PROBLEM DETAILS: Once you have found the line with "Local statue in my town r/MildlyVandalised" in the records below, retype it and every line after it to the end exactly, with no pictures and nothing more.

PROVIDED ENTRIES:

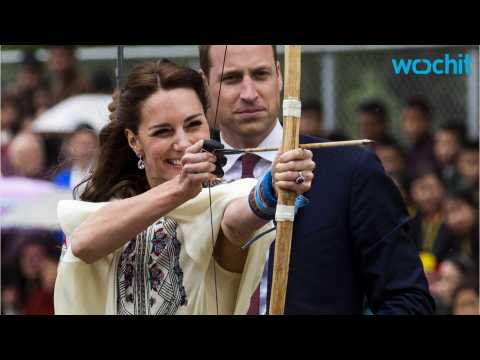 VIDEO : Kate Middleton Seems To Be Flying In Photo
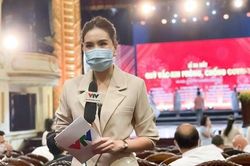 Bị khán giả chê già, MC VTV liền đáp trả: 'Mỗi người một cuộc sống, em e là hơi kệch cỡm đấy'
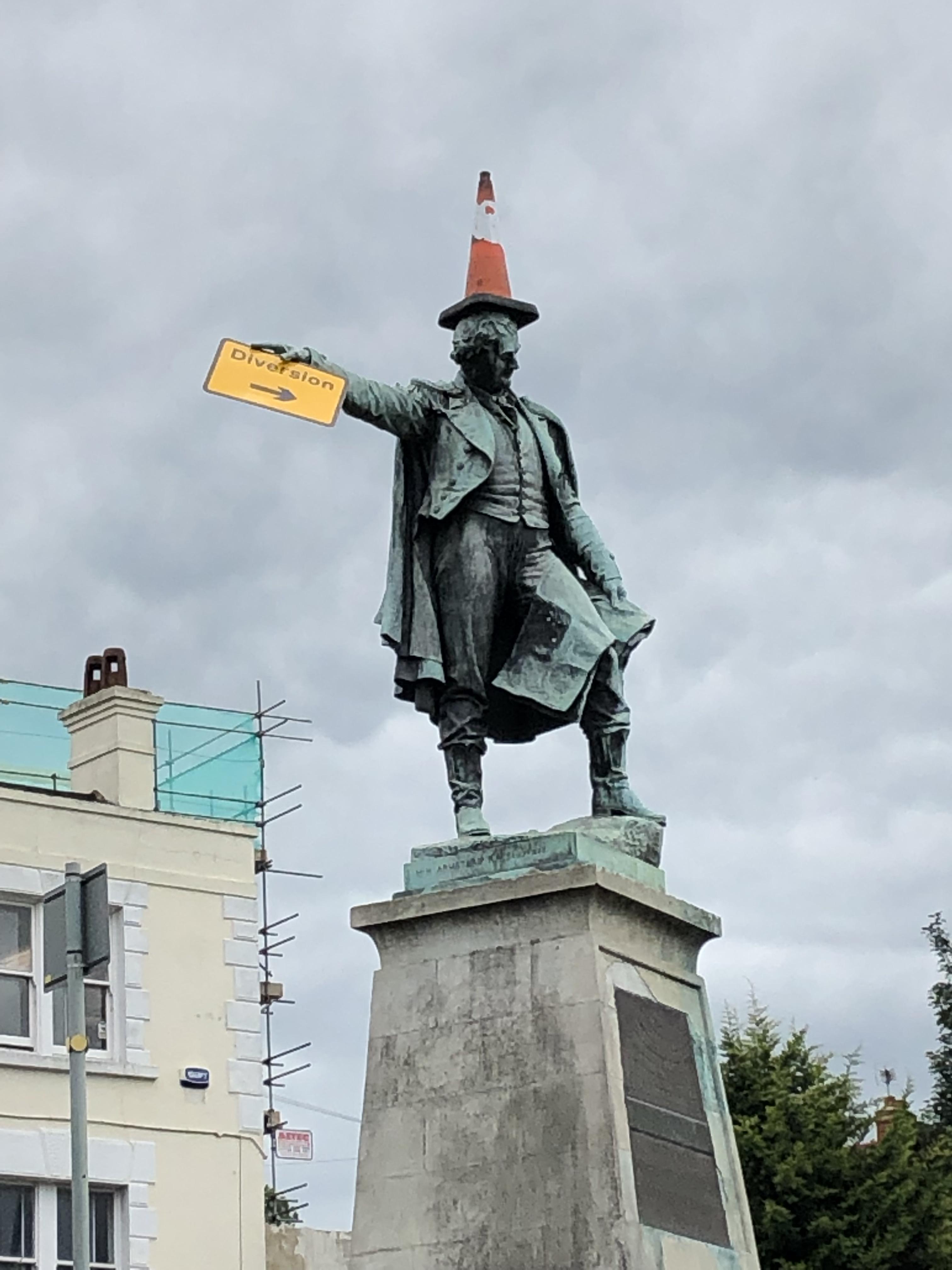 Local statue in my town r/MildlyVandalised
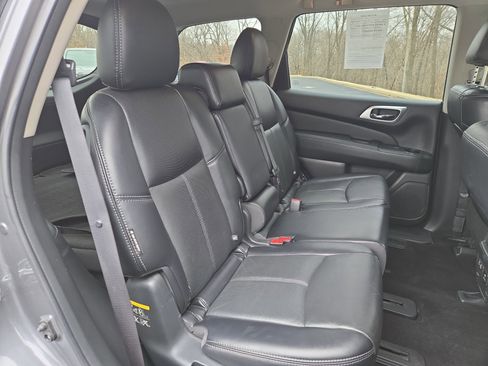 Used 2020 Nissan Pathfinder Platinum image 30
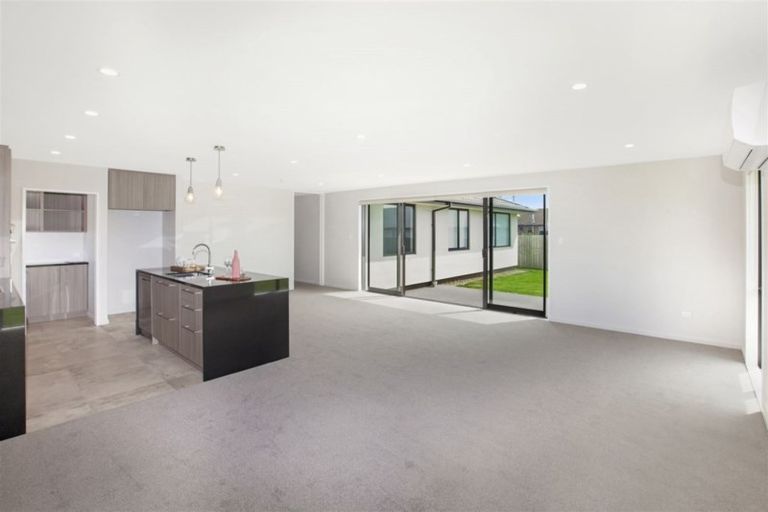 Photo of property in 29 Kingsbridge West, Burwood, Christchurch, 8083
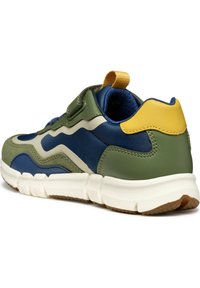 Baskets multicolores avec des accents verts, bleus et jaunes, dotées d'une tige en cuir texturé, d'un col rembourré et d'une semelle en caoutchouc blanche.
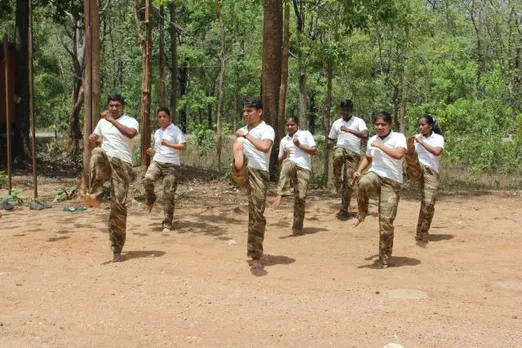 Women officers in Pench forest protect tigers despite dangers   
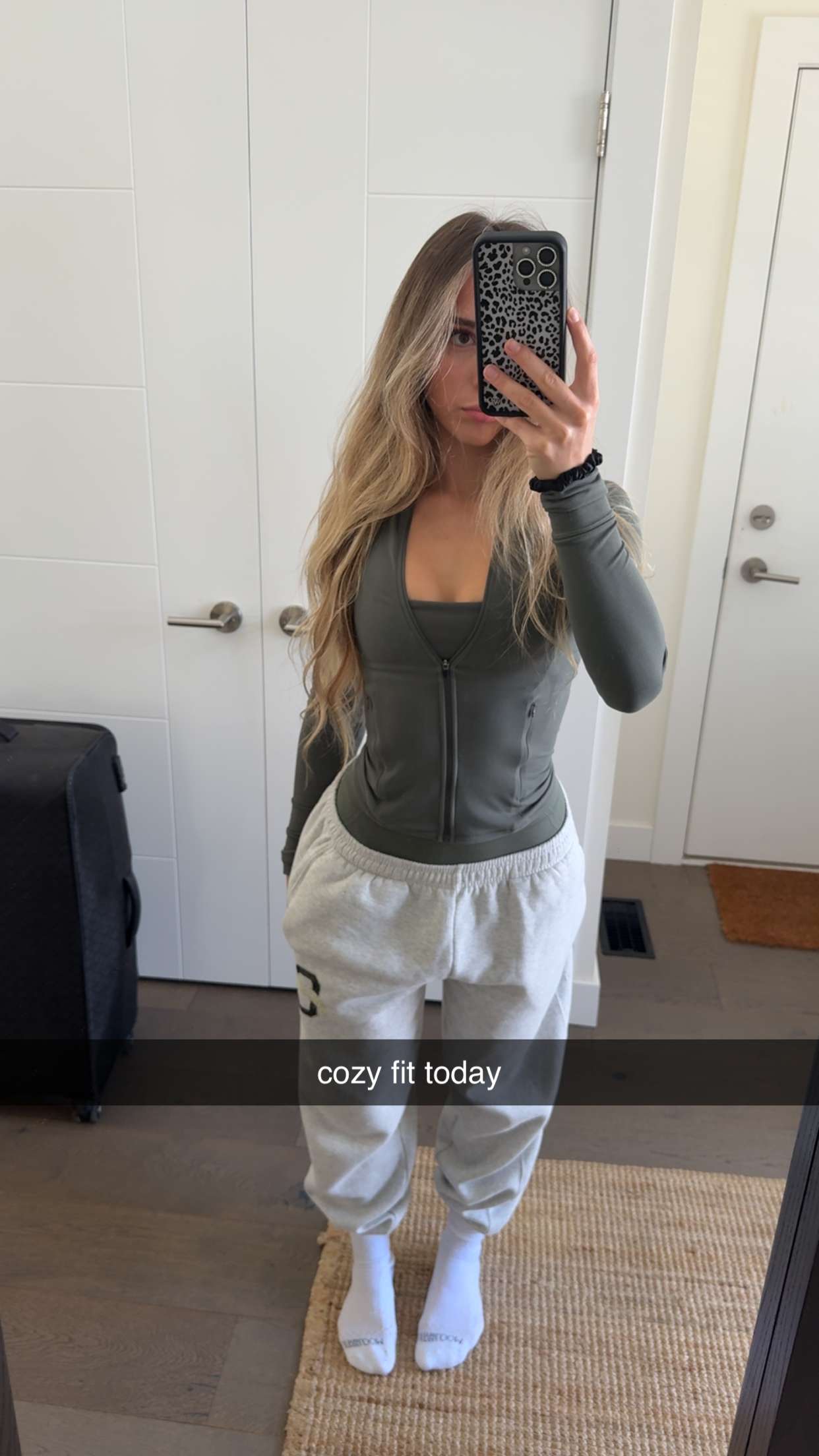 meelahrobbins snapchat image archive image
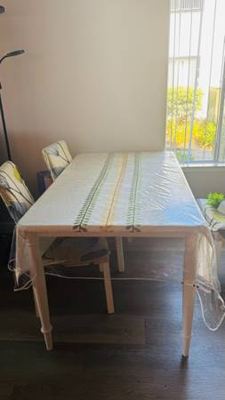 Selling dining table 4 seater 5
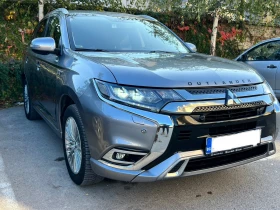 Mitsubishi Outlander Mitsubishi Outlander 2.4 Plug-in Hybrid 4WD (224кс, снимка 1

TASK SOLUTION:
 Local statue in my town r/MildlyVandalised
 Used 2020 Nissan Pathfinder Platinum image 30
 Photo of property in 29 Kingsbridge West, Burwood, Christchurch, 8083
 Baskets multicolores avec des accents verts, bleus et jaunes, dotées d'une tige en cuir texturé, d'un col rembourré et d'une semelle en caoutchouc blanche.
 Women officers in Pench forest protect tigers despite dangers   
 meelahrobbins snapchat image archive image
 Selling dining table 4 seater 5
 Mitsubishi Outlander Mitsubishi Outlander 2.4 Plug-in Hybrid 4WD (224кс, снимка 1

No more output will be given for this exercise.